Editoriali 12_09_2023

È costata cara al parroco di Domodossola la benedizione del matrimonio civile del sindaco. Secondo quanto la Bussola è in grado di apprendere, don Vincenzo Barone è stato sollevato dall’incarico di Vicario dell’Ossola, che aveva ricevuto su mandato del vescovo di Novara Franco Giulio Brambilla.

La notizia, che non è stata confermata sul sito della diocesi, è però stata fatta circolare già venerdì sera tra i sacerdoti dell’Ossola in modo che tutti sapessero che il “fattaccio” di don Vincenzo era stato adeguatamente punito.

A succedere a don Barone come vicario, è don Luigi Preioni, che è stato nominato pro tempore vicario dell’Ossola. Il vescovo ha sostanzialmente richiamato in servizio il sacerdote che era già stato vicario e al quale era succeduto proprio don Barone, per mettere una pezza di fronte a una situazione imbarazzante che stava creando non pochi grattacapi al vescovo.

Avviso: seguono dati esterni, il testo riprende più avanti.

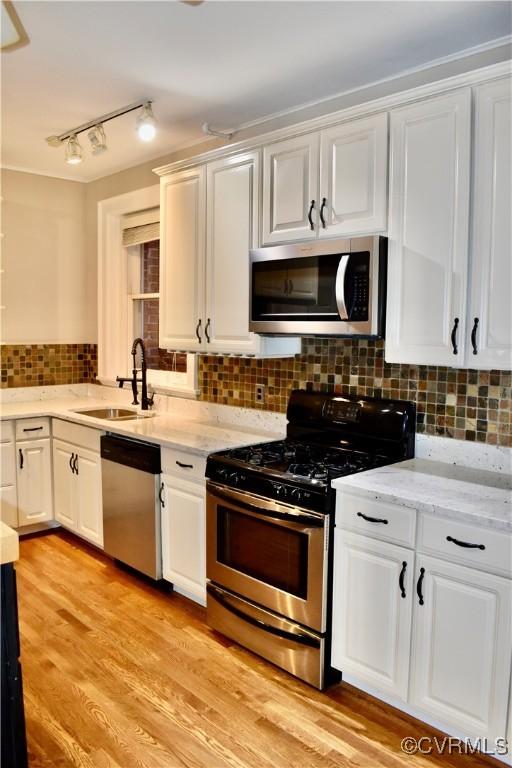 2923 Monument Ave Unit 1, Richmond, VA 23221 - kitchen with stainless steel appliances, a sink, white cabinetry, decorative backsplash, and light stone counters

Come la Bussola ha documentato, infatti, don Barone non solo ha giustificato la benedizione dei due sposi in sala consiliare con ragioni di amicizia e vicinanza senza alcun riscontro nelle leggi canoniche della Chiesa, ma ha tirato in ballo persino Amoris Laetitia. Peccato che l’esortazione apostolica di Papa Francesco nulla dica a proposito di queste benedizioni, ma venga usata ormai, anche a causa di alcuni suoi passaggi ambigui, come grimaldello per giustificare le fughe in avanti più ardite nel campo della dottrina.

Le polemiche erano state vibranti nei giorni scorsi. Oltre agli articoli di giornale, anche alcuni sacerdoti avevano stigmatizzato il comportamento di don Barone. Come don Alberto Secci, un parroco della zona che aveva accusato il confratello di cercare solo visibilità e applausi. Dunque, polemiche finite e palla al centro. Con qualche importante sottolineatura.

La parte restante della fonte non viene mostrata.